# [Directions]
Take the lines below from the one with "Andante Spianato Grande" through the one with "ZESTAW 3 NOŻY SANTOKU BERLINGER HAUS PHANTOM BH-2024 ZESTAW" and print only them, exactly. Don't print the pictures.

(Records for processing)

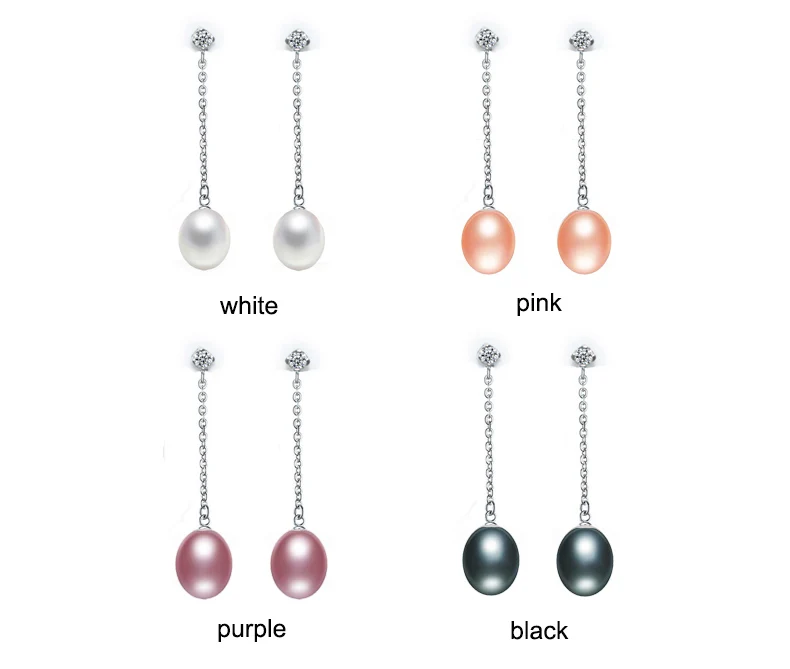 ZHBORUINI 2019 модные жемчужные серьги натуральный пресноводный жемчуг серебро 925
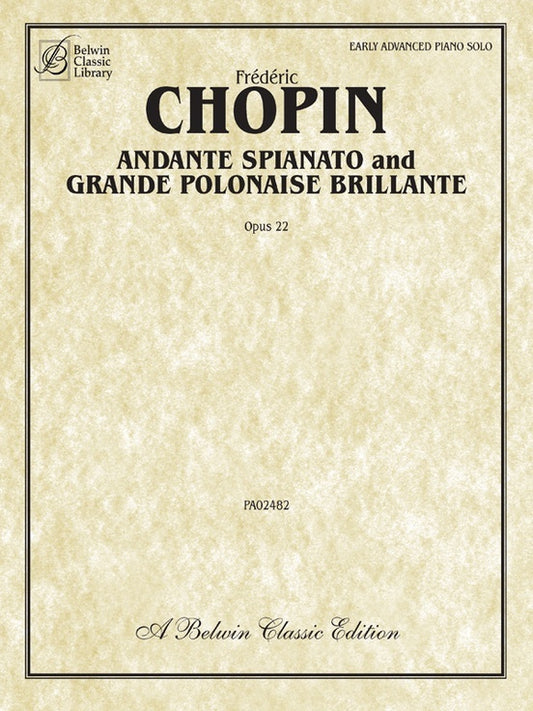 Andante Spianato Grande Polonaise for Piano Sheet Music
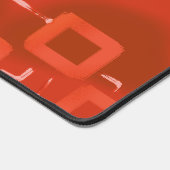 赤ティントジオメトリック正方形デスクマット デスクマット (コーナー)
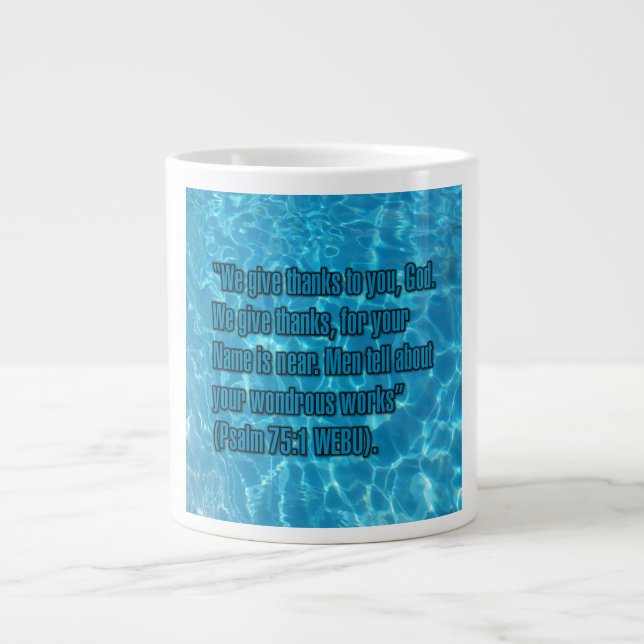 Psaume 75:1 WEBU Mug (Devant)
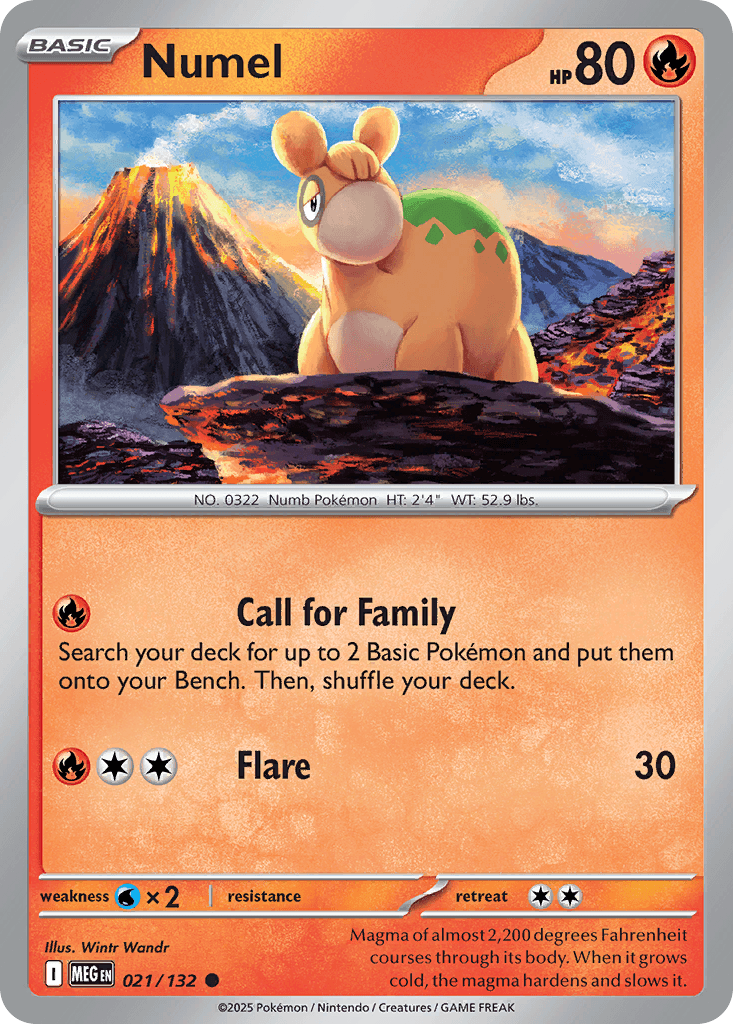 Numel, 21/132, Standard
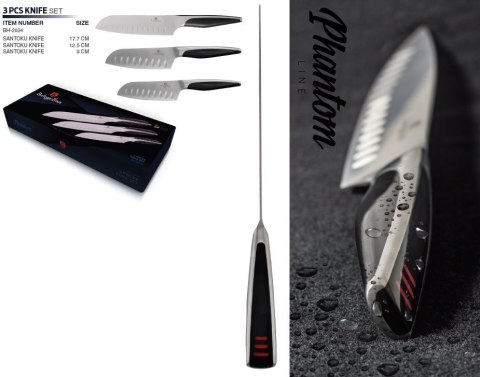 ZESTAW 3 NOŻY SANTOKU BERLINGER HAUS PHANTOM BH-2024 ZESTAW 3 NOŻY SANTOKU BERLINGER HAUS PHANTOM BH-2024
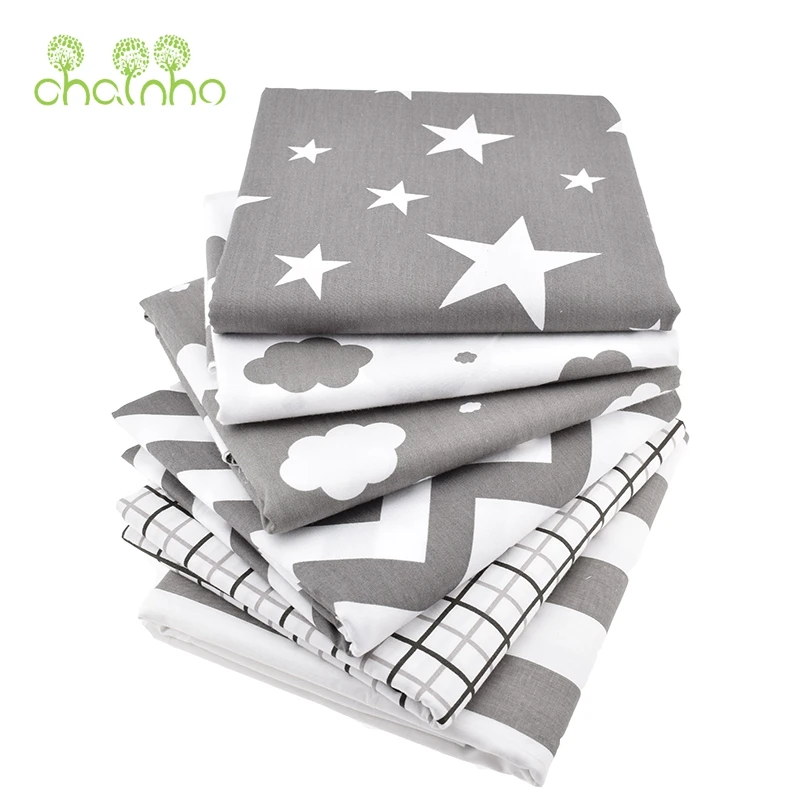 Хлопчатобумажная ткань с принтом облаков и звезд саржевая Ткань для шитья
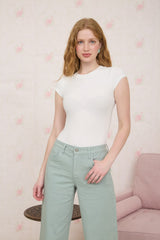 RIBBED BODYSUIT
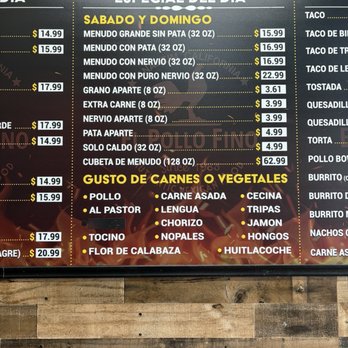 El Pollo Fino - Menu board - Mexican Near Me - Anaheim, California El Pollo Fino - Menu board - Mexican Near Me - Anaheim, California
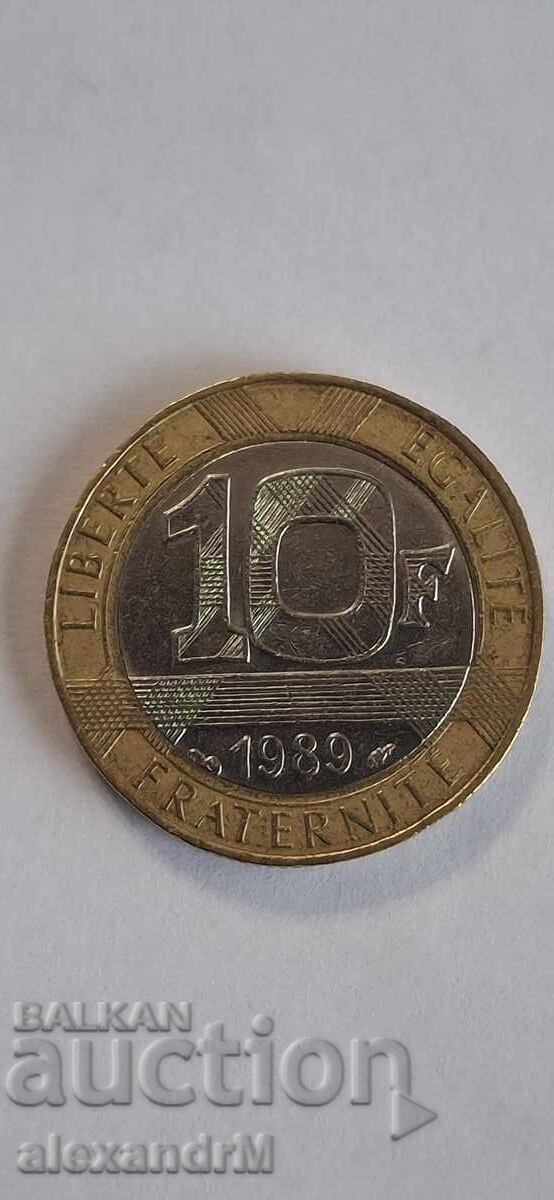 10 φράγκα 1989 Γαλλία Πέμπτη Δημοκρατία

(End Records for processing)

# [Expected answer]
 Andante Spianato Grande Polonaise for Piano Sheet Music
 赤ティントジオメトリック正方形デスクマット デスクマット (コーナー)
 Psaume 75:1 WEBU Mug (Devant)
 Numel, 21/132, Standard
 ZESTAW 3 NOŻY SANTOKU BERLINGER HAUS PHANTOM BH-2024 ZESTAW 3 NOŻY SANTOKU BERLINGER HAUS PHANTOM BH-2024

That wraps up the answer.